Could you reproduce all the entries under this sentence exactly, leaving the images aside?
======== RECORDS PROVIDED ========
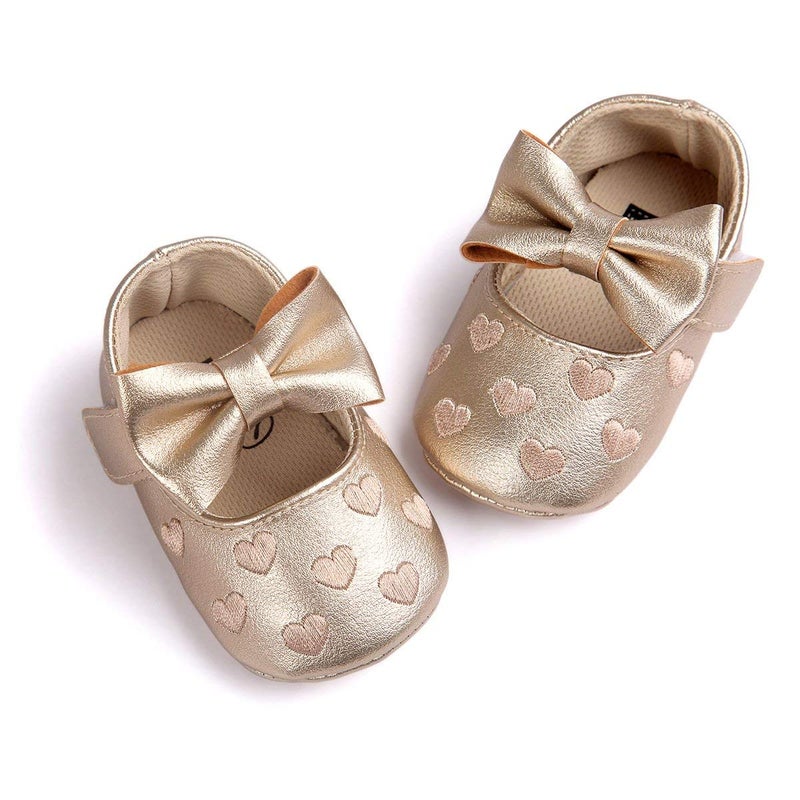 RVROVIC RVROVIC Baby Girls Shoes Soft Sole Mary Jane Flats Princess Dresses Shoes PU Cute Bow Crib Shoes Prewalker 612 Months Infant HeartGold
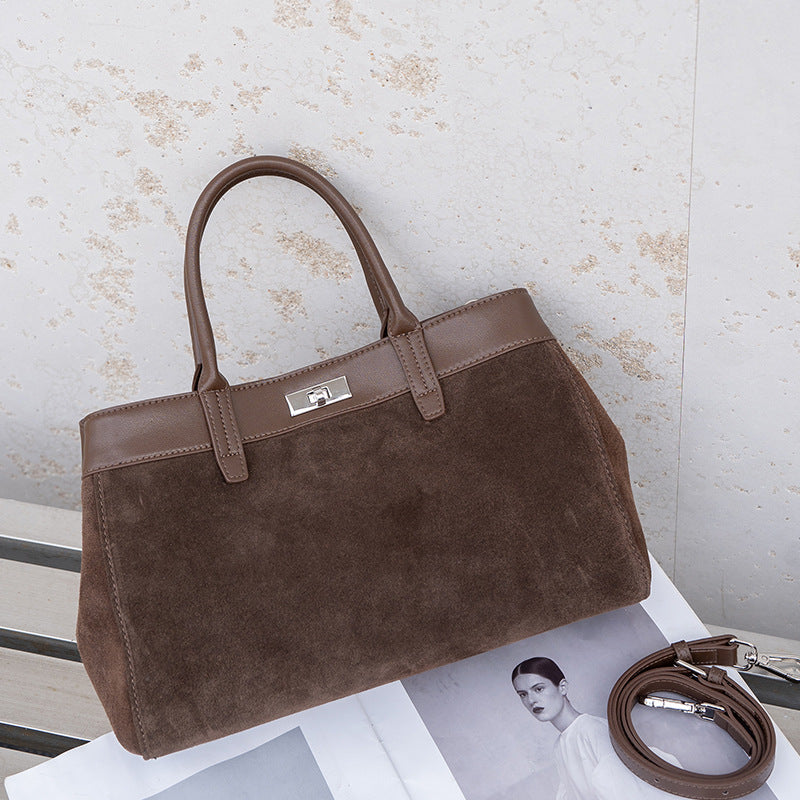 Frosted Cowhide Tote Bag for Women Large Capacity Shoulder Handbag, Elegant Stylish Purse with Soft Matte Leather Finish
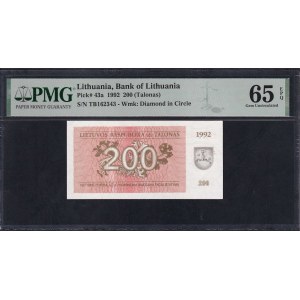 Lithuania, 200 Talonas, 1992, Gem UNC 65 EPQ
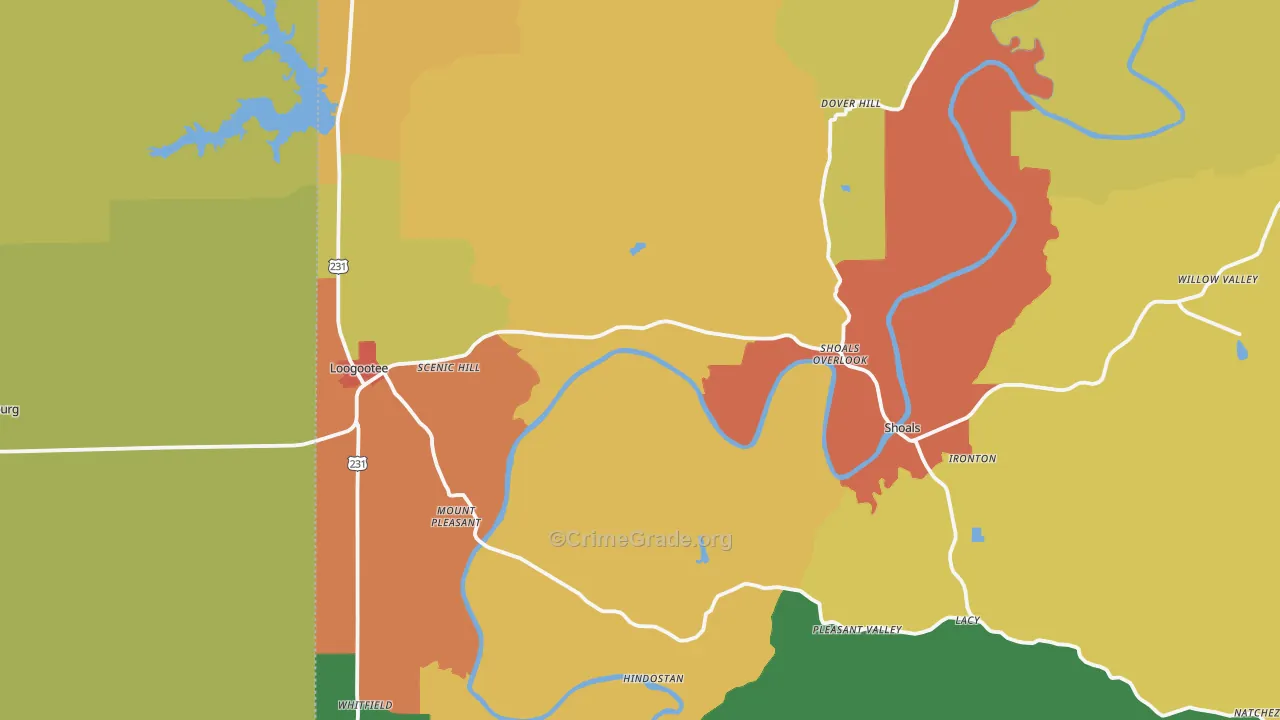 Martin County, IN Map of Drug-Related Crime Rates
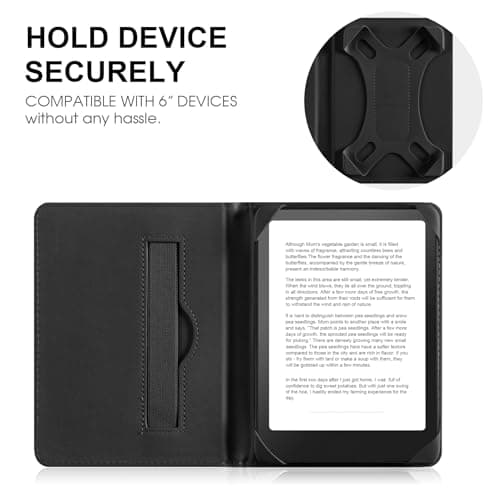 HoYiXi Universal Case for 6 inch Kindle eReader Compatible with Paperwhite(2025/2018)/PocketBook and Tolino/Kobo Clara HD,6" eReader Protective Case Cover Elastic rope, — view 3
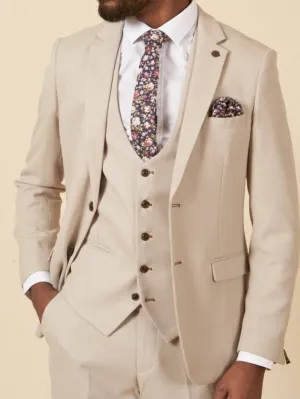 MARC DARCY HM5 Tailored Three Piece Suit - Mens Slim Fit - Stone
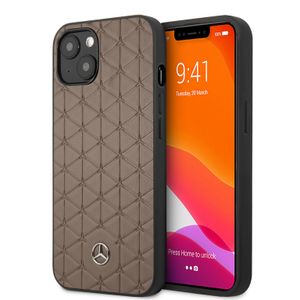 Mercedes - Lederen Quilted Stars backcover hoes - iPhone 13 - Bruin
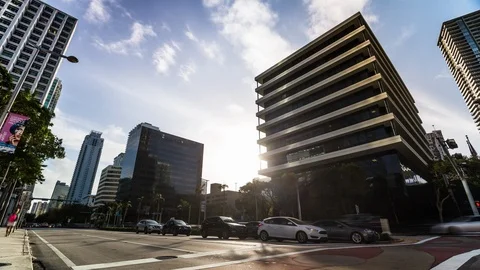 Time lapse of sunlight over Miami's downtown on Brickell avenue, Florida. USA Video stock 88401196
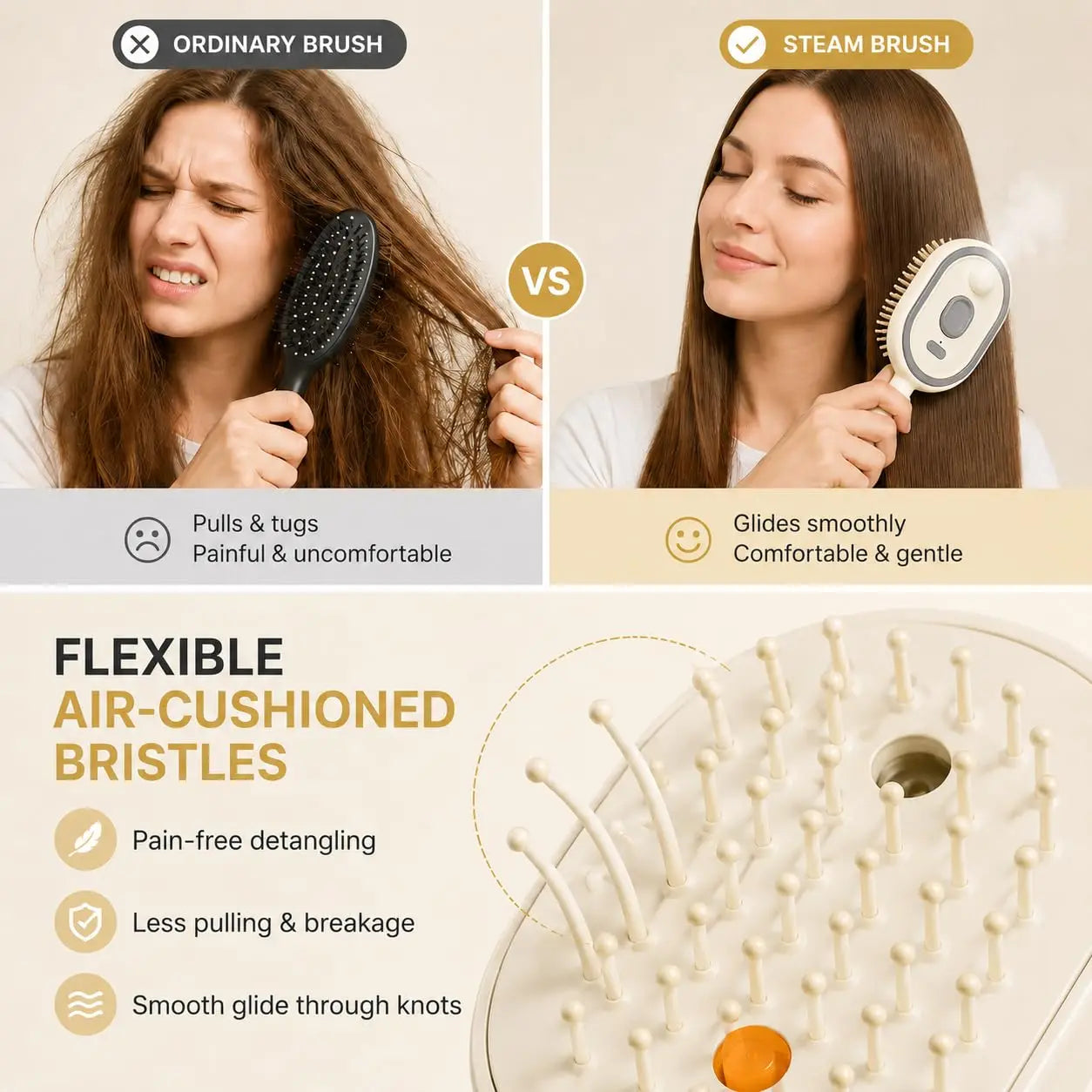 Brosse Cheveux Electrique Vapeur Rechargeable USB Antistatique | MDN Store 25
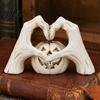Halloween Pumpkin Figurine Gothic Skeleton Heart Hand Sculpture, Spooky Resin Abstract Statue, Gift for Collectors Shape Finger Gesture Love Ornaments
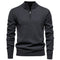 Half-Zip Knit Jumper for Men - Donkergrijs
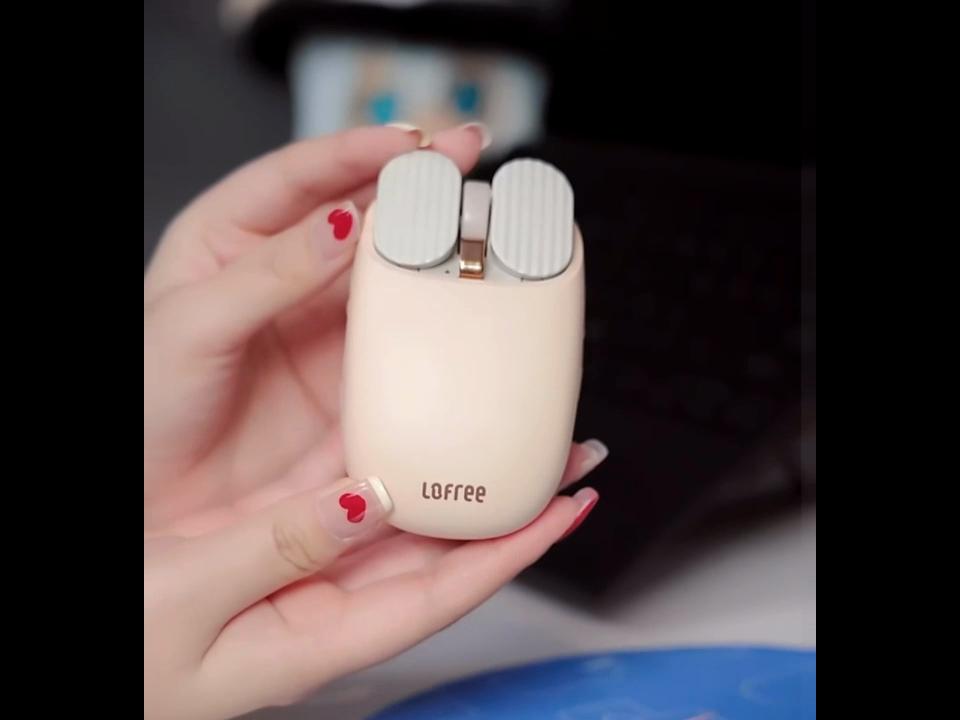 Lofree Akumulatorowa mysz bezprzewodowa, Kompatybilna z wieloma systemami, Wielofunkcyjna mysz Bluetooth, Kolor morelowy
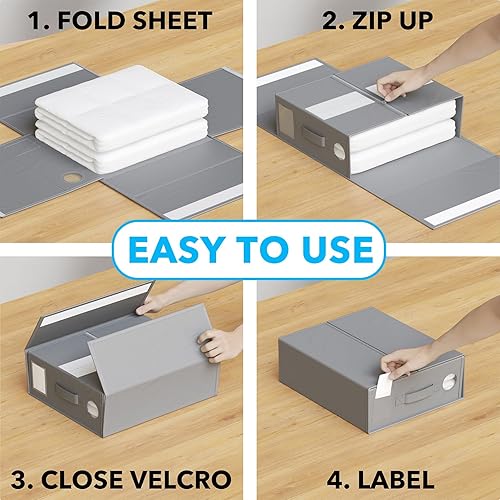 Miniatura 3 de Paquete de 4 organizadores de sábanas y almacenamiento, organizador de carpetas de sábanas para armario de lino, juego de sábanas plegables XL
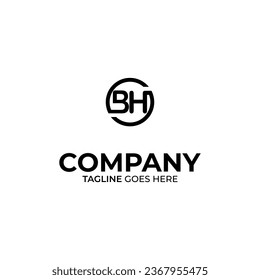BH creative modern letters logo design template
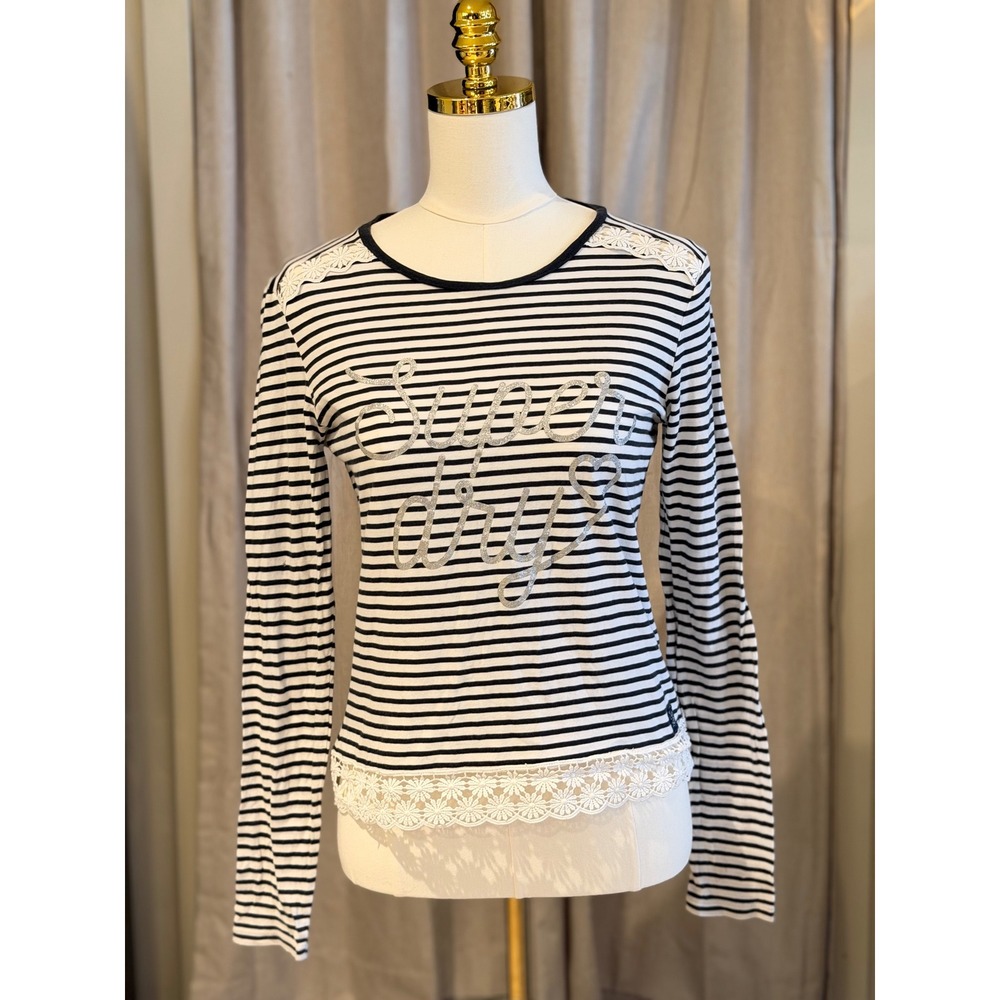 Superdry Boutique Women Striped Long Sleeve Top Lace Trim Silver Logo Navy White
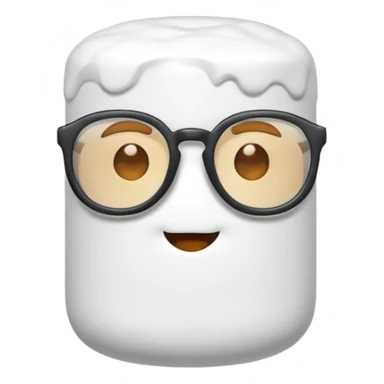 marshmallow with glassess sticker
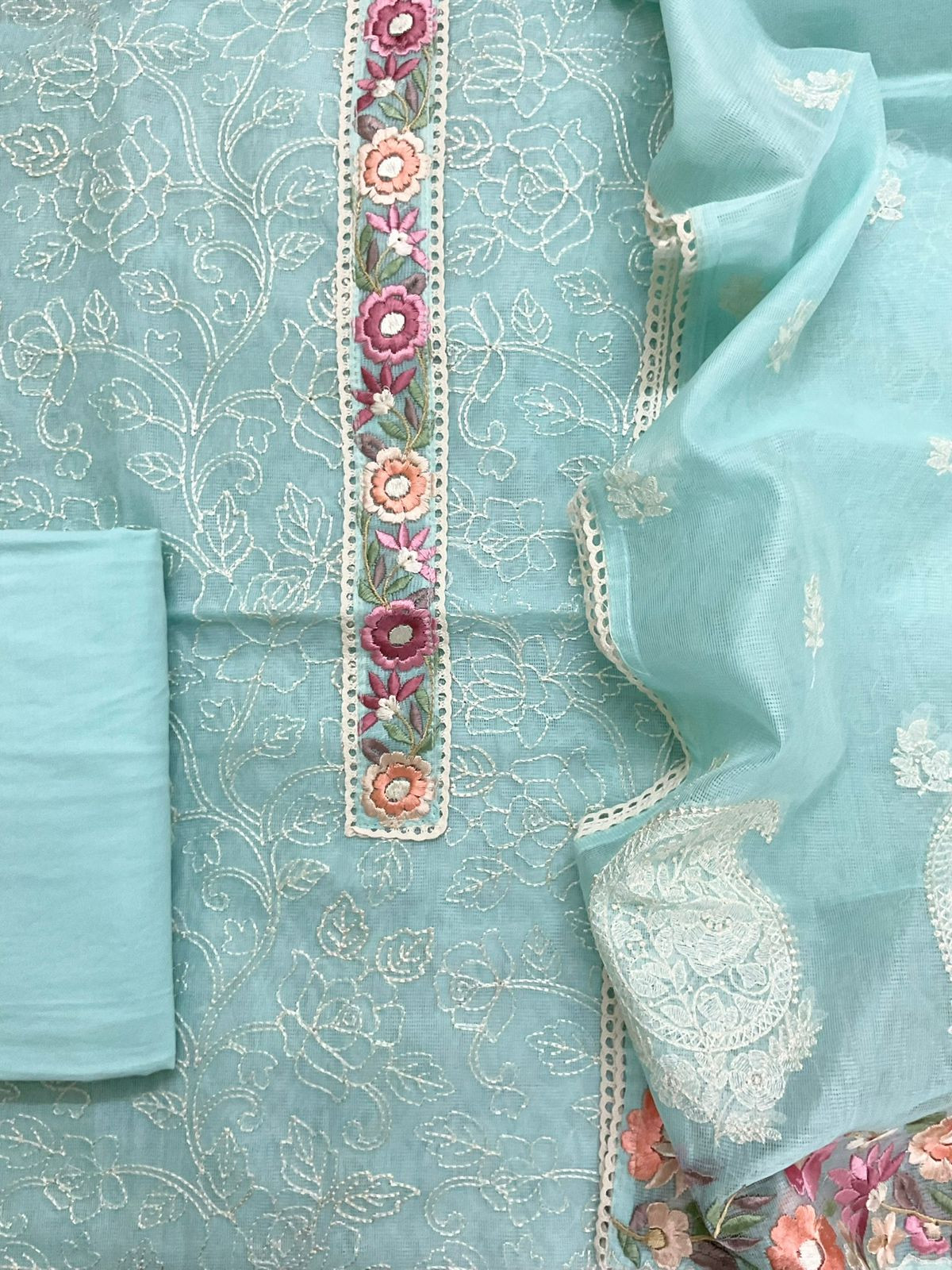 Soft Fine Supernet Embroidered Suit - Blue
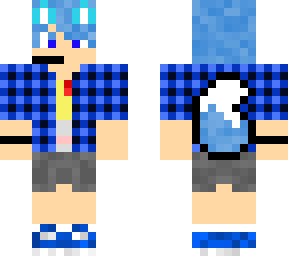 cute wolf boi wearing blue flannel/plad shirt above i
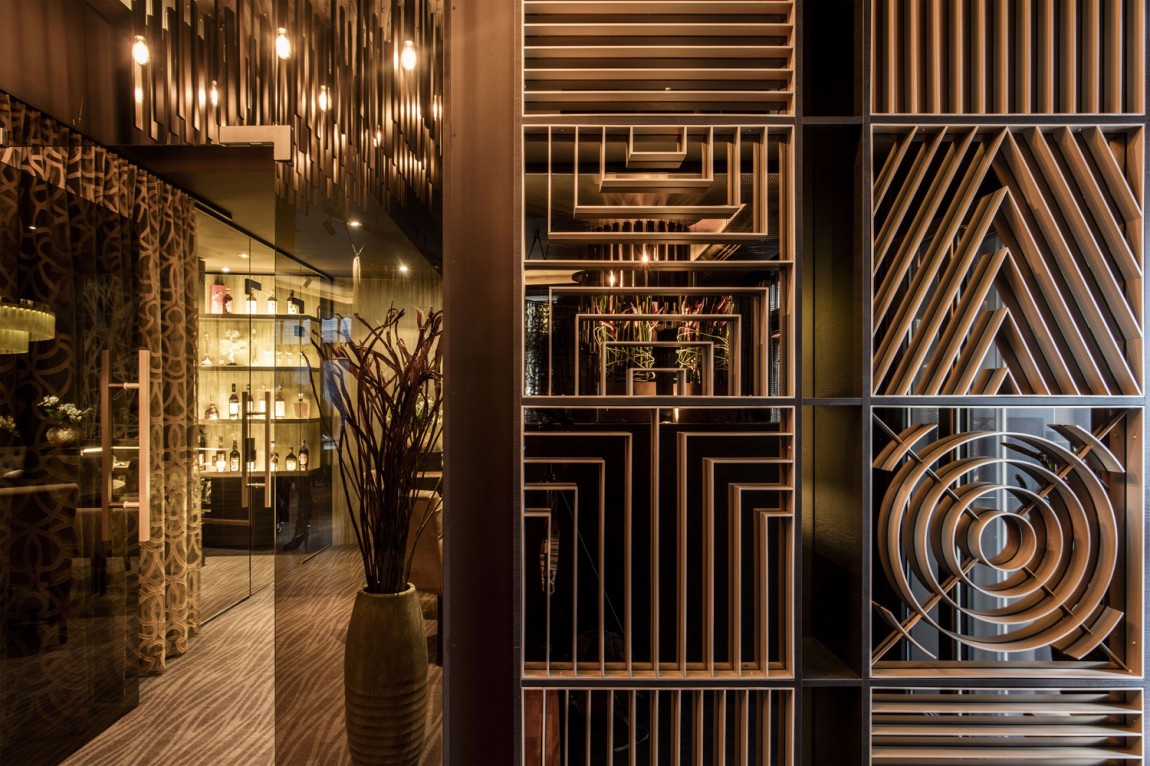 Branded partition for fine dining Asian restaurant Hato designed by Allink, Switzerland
========
SOLUTION BELOW:
 RVROVIC RVROVIC Baby Girls Shoes Soft Sole Mary Jane Flats Princess Dresses Shoes PU Cute Bow Crib Shoes Prewalker 612 Months Infant HeartGold
 Frosted Cowhide Tote Bag for Women Large Capacity Shoulder Handbag, Elegant Stylish Purse with Soft Matte Leather Finish
 Lithuania, 200 Talonas, 1992, Gem UNC 65 EPQ
 Martin County, IN Map of Drug-Related Crime Rates
 HoYiXi Universal Case for 6 inch Kindle eReader Compatible with Paperwhite(2025/2018)/PocketBook and Tolino/Kobo Clara HD,6" eReader Protective Case Cover Elastic rope, — view 3
 MARC DARCY HM5 Tailored Three Piece Suit - Mens Slim Fit - Stone
 Mercedes - Lederen Quilted Stars backcover hoes - iPhone 13 - Bruin
 Time lapse of sunlight over Miami's downtown on Brickell avenue, Florida. USA Video stock 88401196
 Brosse Cheveux Electrique Vapeur Rechargeable USB Antistatique | MDN Store 25
Halloween Pumpkin Figurine Gothic Skeleton Heart Hand Sculpture, Spooky Resin Abstract Statue, Gift for Collectors Shape Finger Gesture Love Ornaments
 Half-Zip Knit Jumper for Men - Donkergrijs
 Lofree Akumulatorowa mysz bezprzewodowa, Kompatybilna z wieloma systemami, Wielofunkcyjna mysz Bluetooth, Kolor morelowy
 Miniatura 3 de Paquete de 4 organizadores de sábanas y almacenamiento, organizador de carpetas de sábanas para armario de lino, juego de sábanas plegables XL
BH creative modern letters logo design template
 Superdry Boutique Women Striped Long Sleeve Top Lace Trim Silver Logo Navy White
 marshmallow with glassess sticker
 Soft Fine Supernet Embroidered Suit - Blue
 cute wolf boi wearing blue flannel/plad shirt above i
 Branded partition for fine dining Asian restaurant Hato designed by Allink, Switzerland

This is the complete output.